Examples of investors’ appetite for riskier bonds abound. In this second half of 2013 Russia and South Africa raised US$7 billion and US$2 billion respectively, in bond issues with yields of between 5% and 6%. These investments came despite the fact that investors have increasingly become wary of currency risk in emerging markets. The South African rand, for example, has shed about 19% of its value against the US dollar since the beginning of the year.
It may seem that better developed emerging markets like Russia and South Africa are not a fair comparison to Zimbabwe. But even equally underdeveloped economies are attracting lenders. Last year Zambia raised US$750 million at a yield of 5,6%. In September, a Mozambican state-owned fishing start-up raised US$500 million with the help of international banks.
In April, Rwanda raised US$400 million through a dollar-denominated bond with a yield of just less than 7%. Tanzania raised US$1 billion in April.
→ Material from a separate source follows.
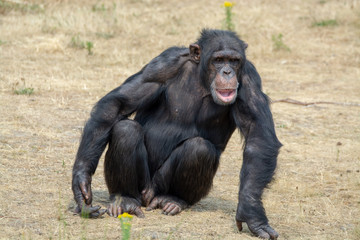 Black chimpanzees monkey leaving in safari park close up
Kenya and Nigeria have between them raised even larger amounts and are the leading destinations for investors in African frontier market bonds.
Zimbabwe is glaringly missing from this list of small aid-dependant and underdeveloped economies that have managed to defy odds and attract investors who are hungry for returns in what has now been termed a “dash for trash”, referring to the stampede for junk bonds.
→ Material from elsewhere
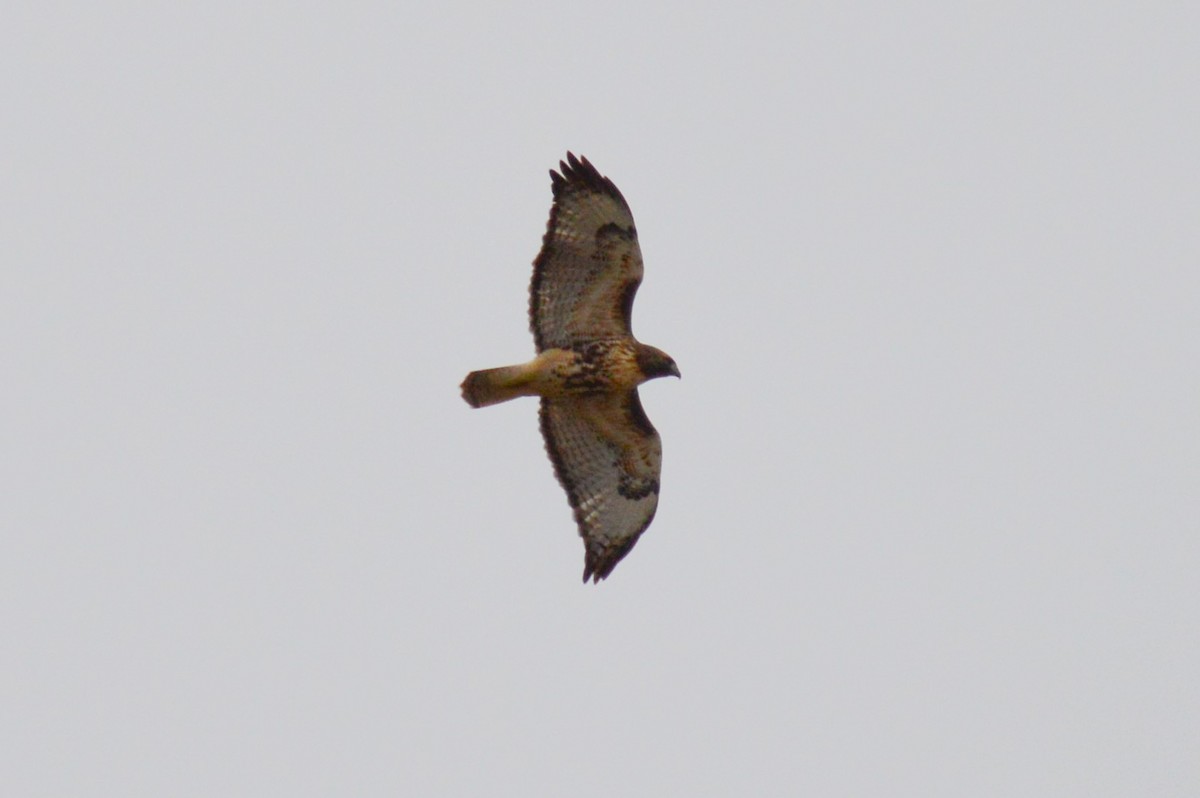 Red-tailed Hawk (calurus/abieticola) - ML645798679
Potentially profitable projects are not in short supply. For years, Zimbabwe’s potential to generate electricity in excess of its needs has been touted. Hwange coalfields apparently have enough proven coal reserves to sustain power generation for Zimbabwe and its neighbours for 50 more years. Gas fields in Lupane reportedly have equally exciting prospects.Advertisement
Various mining and infrastructure development projects could use the capital. Surely, most of these projects have a more sound business case than the tuna fishing project in Mozambique that managed to raise US$500 million a few weeks after its inception! Why, with all this potential has Zimbabwe failed to attract even those investors who seem to be willing to take on higher risk? The key seems to be Zimbabwe’s standing with the International Monetary Fund (IMF). Without the IMF’s stamp of approval, most investors will continue to shy away from Zimbabwe.
This is especially true for sovereign debt issues where even a government guarantee would not be good enough. If the country were to implement the measures required by the IMF towards mending the economy, raising debt capital would be much easier. Recent reports suggest that the country is making token payments of just US$150,000 towards settlement of its total bill of about US$11 billion.
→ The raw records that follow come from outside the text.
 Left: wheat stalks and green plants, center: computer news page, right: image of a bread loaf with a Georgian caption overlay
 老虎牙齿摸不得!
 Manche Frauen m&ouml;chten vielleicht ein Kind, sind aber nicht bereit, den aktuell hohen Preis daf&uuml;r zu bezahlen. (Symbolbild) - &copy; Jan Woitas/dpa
Zimbabwe agreed to engage in the IMF’s Staff Monitored Programme which seeks to make various changes which would place the country on a sound financial footing and enable it to service its existing debts. Changes that the country is required to make include passing a 2014 budget that has expenditure in line with revenues, increasing financial sector stability, implementing structural fiscal reforms and improving relations with external creditors.
Essentially, the government is being called upon to make concessions on various unwise policy decisions. The ball is now in the country’s court and whether Zimbabwe will also be able to raise much-needed capital depends on the extent to which the IMF’s requirements are met. Without that, the country remains uncredit-worthy even in the eyes of the bravest of lenders out there.
Perhaps a consolation for most observers is that it is good not to increase the country’s indebtedness. Experience here and elsewhere suggests that windfalls from debt issues are often misappropriated or misused and debt ends up being defaulted on or refinanced with further borrowings. Rather than temporarily enjoying the benefits of being able to borrow, Zimbabwe is better off living within its means.
This romanticised view sounds very noble, but the reality is that the economy is in limbo and debt financing is urgently needed. “Tight liquidity” is the buzz-phrase in most business circles. Raising money from international bond markets seems one of the only viable ways to get out of this quagmire.
Yet Zimbabwe is still perceived as not being creditworthy by bond investors. It remains to be seen whether the country will make the tough policy choices needed, appease the IMF and get the ball rolling before it is too late.